# [YOUR ASSIGNMENT]
To complete this task, print all the data below exactly but leave out the images.

# [INFORMATION SUPPLIED]
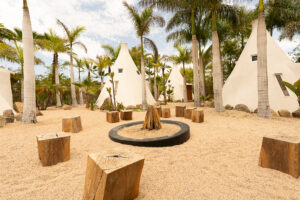 desert wellness retreats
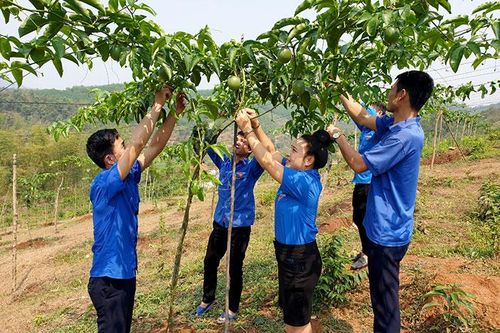 Rèn luyện để vừa 'hồng' vừa 'chuyên'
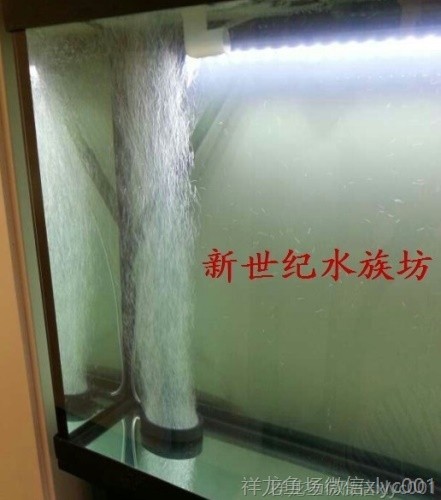 高溫?zé)Y(jié)氣盤石高級(jí)氣泡盤魚缸增氧氣泡石堅(jiān)硬邊框盤超靜音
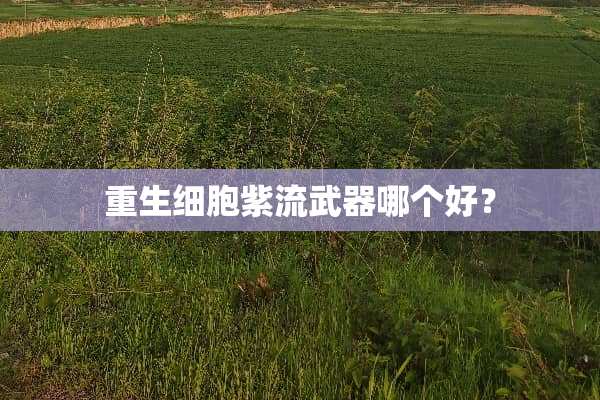 重生细胞紫流**哪个好？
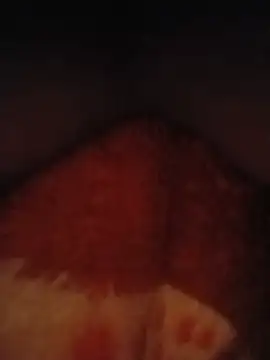 Chat XXX en directo de teluguvarsha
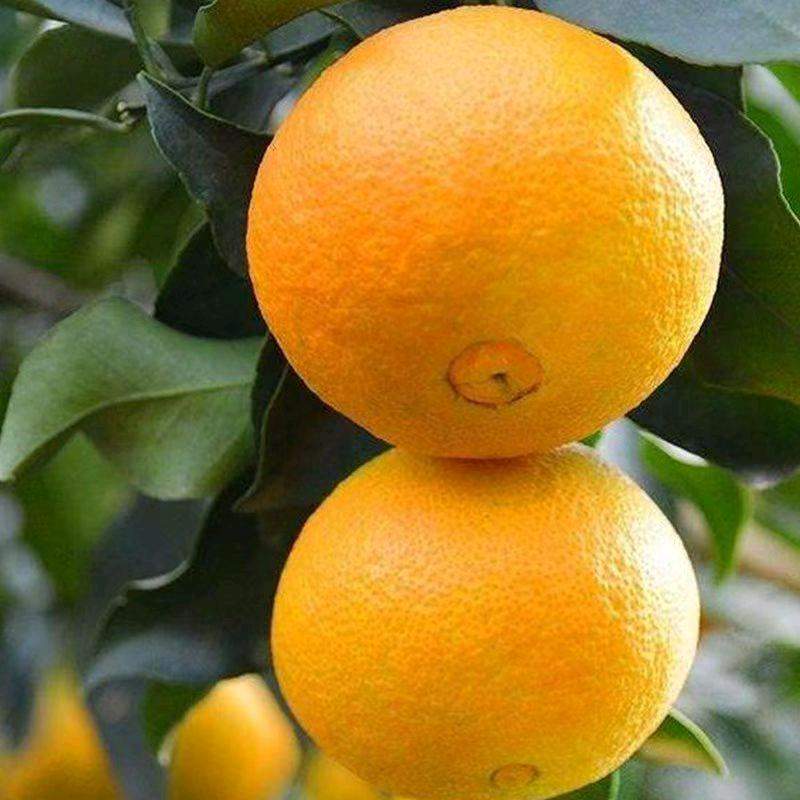 张波品牌货源四川爱媛38果冻橙产地代收 一条龙服务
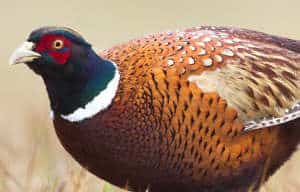 pheasant-hunting-in-the-rain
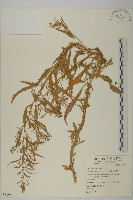 臭杏、土荊芥藏品圖，第1張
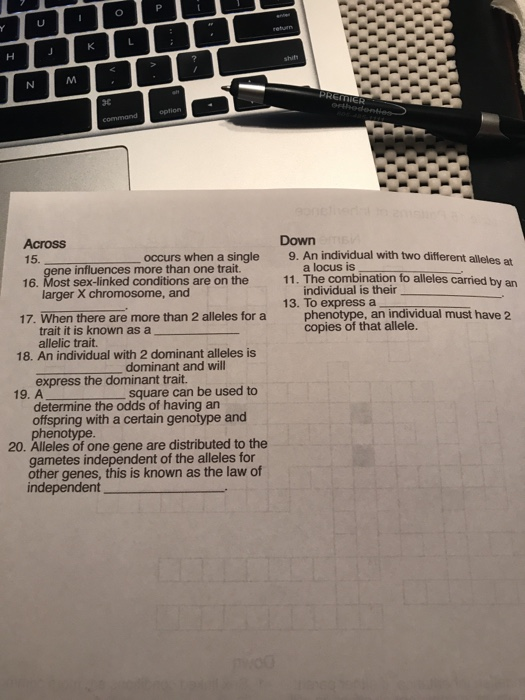 Solved Puzzle 15 Patterns of Inheritance Across In Mendelian | Chegg.com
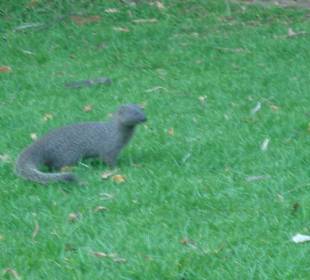 Auch einen Otter haben wir gesehen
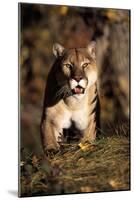 Puma-null-Mounted Photographic Print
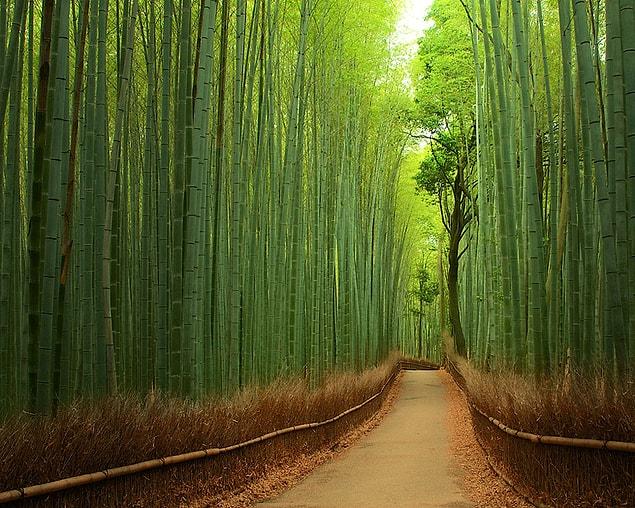 5. Bamboo Forest, Japan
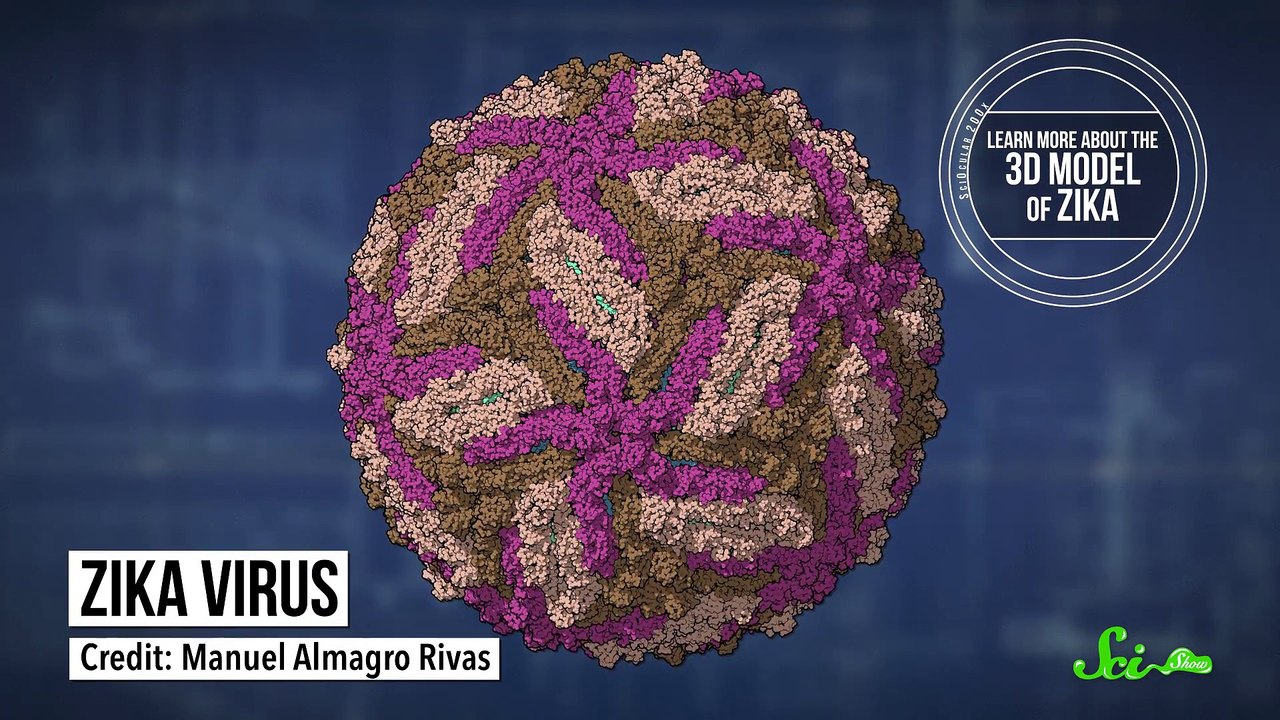 Another Zika Update & Quantum Physics Gamers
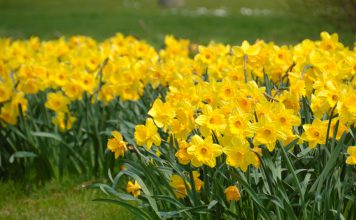 Jonquille narcis Narcissus Jonquilla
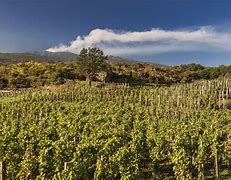 Image result for Sicilian Wine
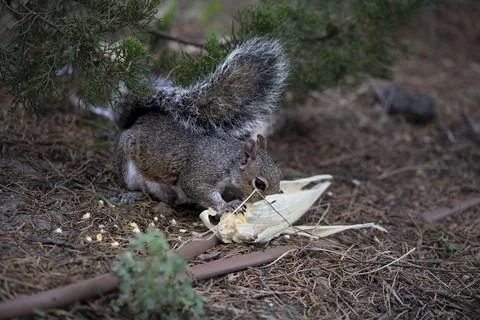 An Eastern Gray Squirrel (Sciurus carolinensis) eating scavenged corn. Stock Photos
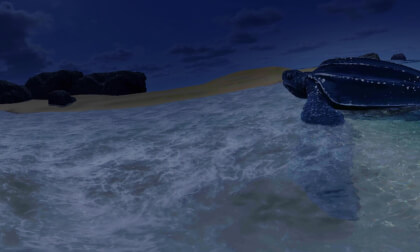 VIDEO INMERSIVO 360 TORTUGAS VR Video VIDEO INMERSIVO 360 TORTUGAS VR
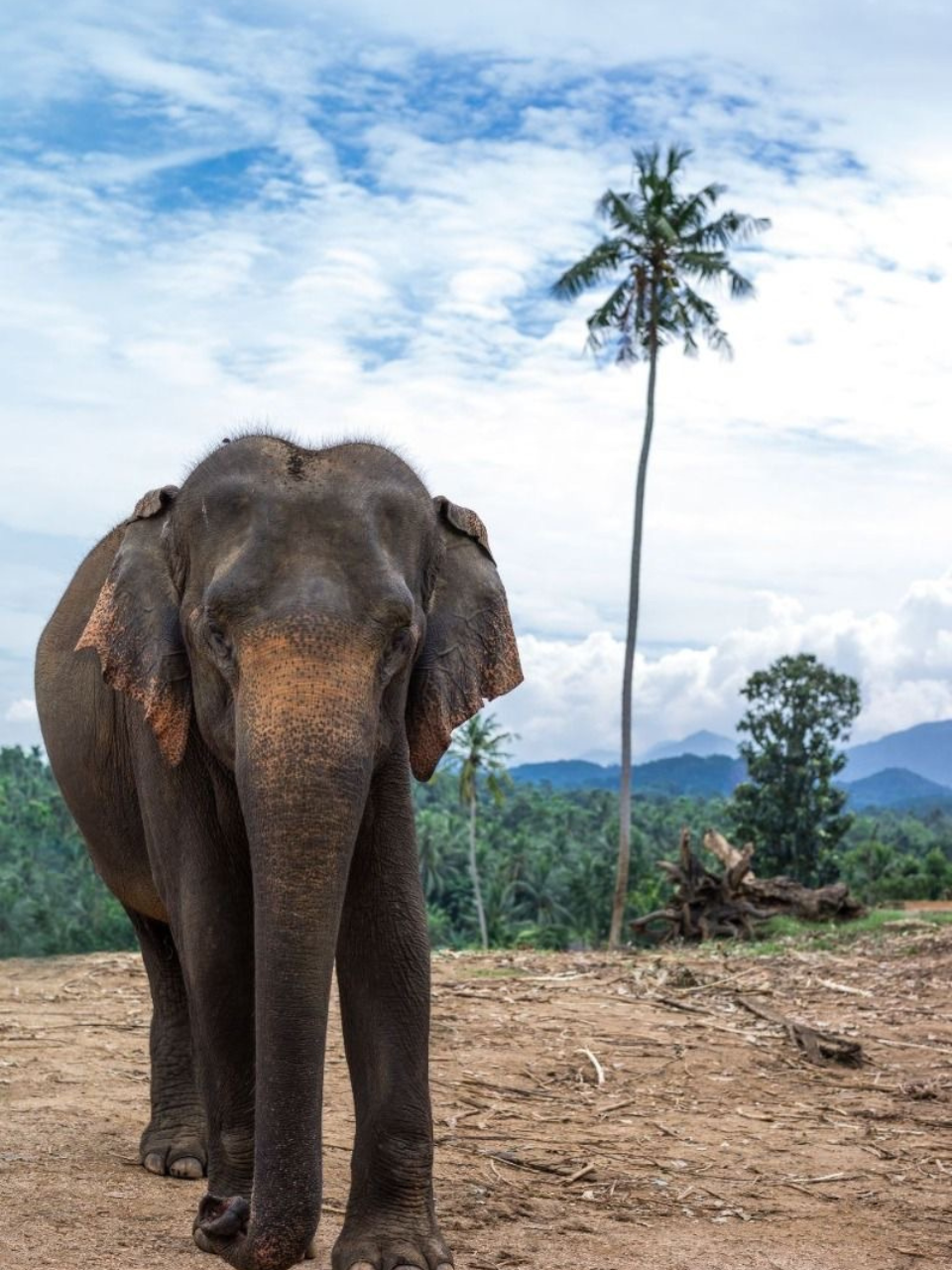Pinnawala Elephant Orphanage – Meet Sri Lanka's Giants - photo 11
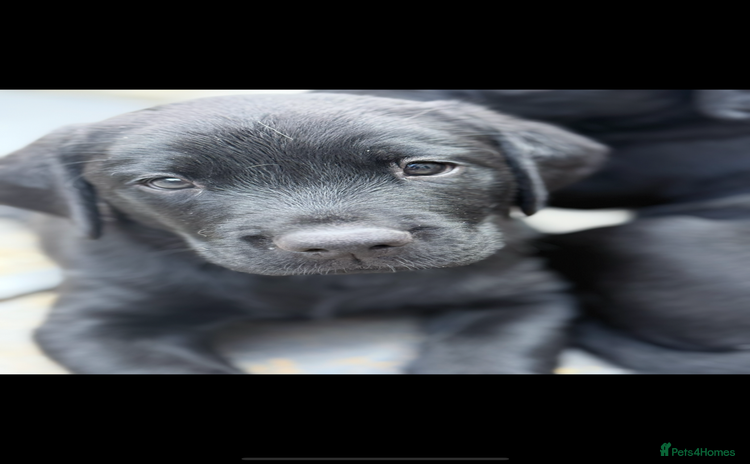 Labrador Retriever dogs - Advert 8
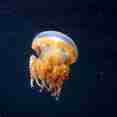 Marine Life - Rock Islands Aggressor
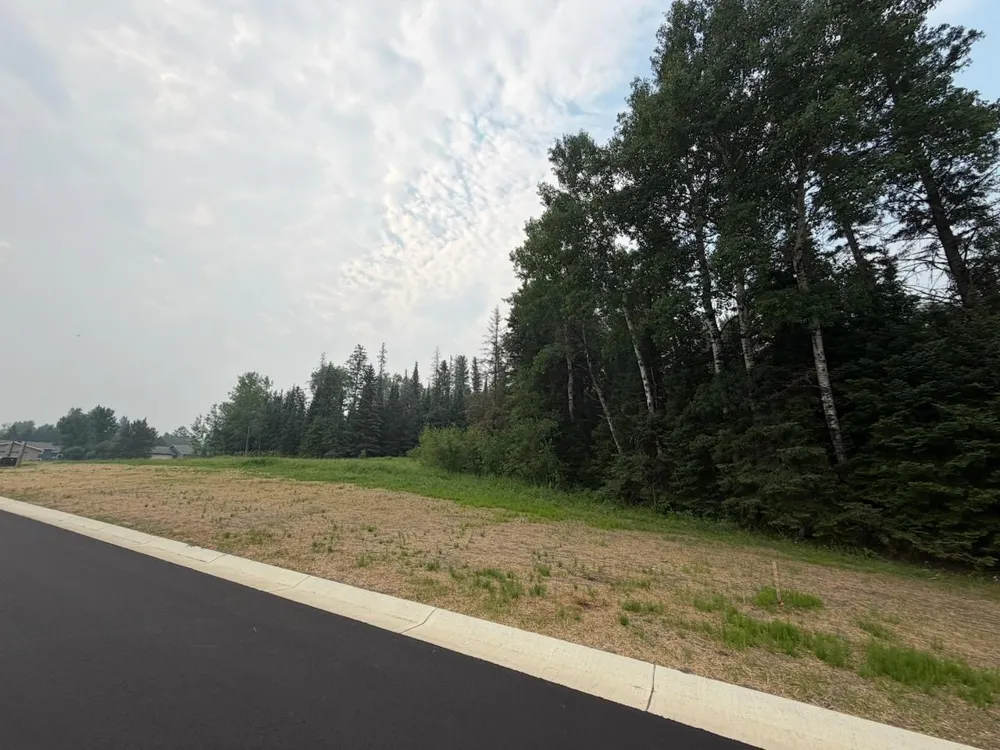 Lot 3, Block 2 Eldien Dr Cook, MN 55723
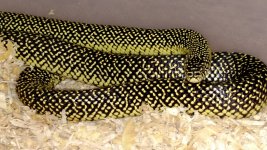 IMG_20160814_125443144.jpg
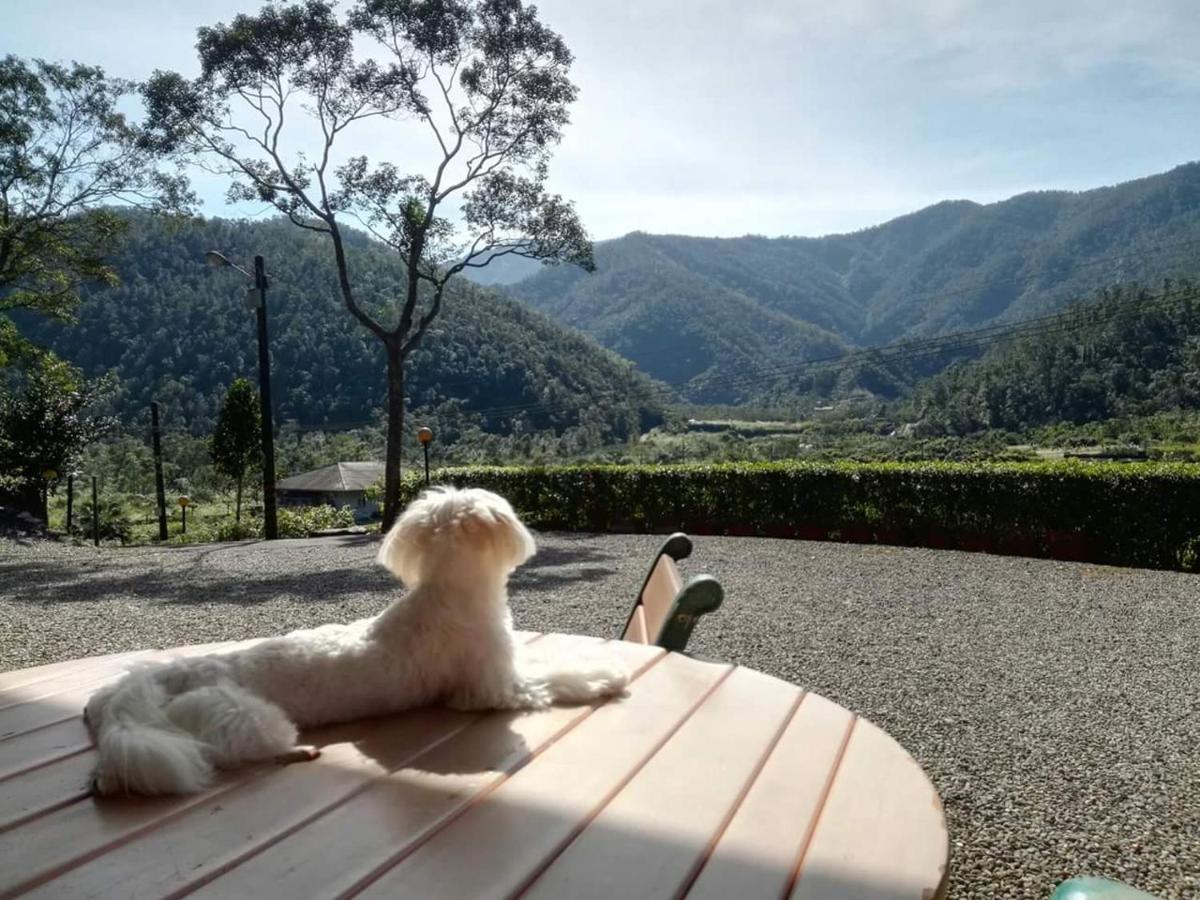 Song Lin Homestay Dongshan  Exteriör bild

# [TASK SOLUTION]
 desert wellness retreats
 Rèn luyện để vừa 'hồng' vừa 'chuyên'
 高溫?zé)Y(jié)氣盤石高級(jí)氣泡盤魚缸增氧氣泡石堅(jiān)硬邊框盤超靜音
 重生细胞紫流**哪个好？
 Chat XXX en directo de teluguvarsha
 张波品牌货源四川爱媛38果冻橙产地代收 一条龙服务
 pheasant-hunting-in-the-rain
 臭杏、土荊芥藏品圖，第1張
 Solved Puzzle 15 Patterns of Inheritance Across In Mendelian | Chegg.com
 Auch einen Otter haben wir gesehen
 Puma-null-Mounted Photographic Print
 5. Bamboo Forest, Japan
 Another Zika Update & Quantum Physics Gamers
 Jonquille narcis Narcissus Jonquilla
 Image result for Sicilian Wine
 An Eastern Gray Squirrel (Sciurus carolinensis) eating scavenged corn. Stock Photos
 VIDEO INMERSIVO 360 TORTUGAS VR Video VIDEO INMERSIVO 360 TORTUGAS VR
Pinnawala Elephant Orphanage – Meet Sri Lanka's Giants - photo 11
 Labrador Retriever dogs - Advert 8
 Marine Life - Rock Islands Aggressor
 Lot 3, Block 2 Eldien Dr Cook, MN 55723
 IMG_20160814_125443144.jpg
 Song Lin Homestay Dongshan  Exteriör bild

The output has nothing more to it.